III.
It was on the eleventh patrol carried out on the 23rd that I bombed my first submarine.
On a pleasant morning, with a clear sky, a slight haze, and a 15-knot wind blowing from the north-east—ideal weather conditions for submarine hunting—Holmes and myself were shoved down the slipway in Old '61 and took to the air at six o'clock. Thrusting out into the North Sea on a course for the North Hinder, I steadied at the thousand foot level and throttled back until we were doing an easy sixty knots.
Looking back inside the boat I saw the wireless operator doing a pantomime of unwinding a reel, and I nodded to him, at which he began to let down the aerial through the tube in the bottom of the boat. This was a copper wire three hundred feet long with a weight attached to the end.

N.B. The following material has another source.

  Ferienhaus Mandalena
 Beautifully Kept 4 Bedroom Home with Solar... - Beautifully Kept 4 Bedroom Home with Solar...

If the boat was on the water this trailing aerial could of course not be used, so a telescopic wooden mast was carried. The top of this mast when it was set up was about thirty feet above the surface of the water, and the aerial was led from the bow, tail, and ends of the upper plane to the tip. With this aerial the operator could send and receive for a distance of about thirty miles. Before these masts were carried a boat came down at sea through engine trouble near a light-ship. The first pilot made the flying-boat fast to the stern of the light-vessel and the wireless operator led the aerial to its mast. In this way the shore station was called up and a ship was sent out to tow in the disabled boat.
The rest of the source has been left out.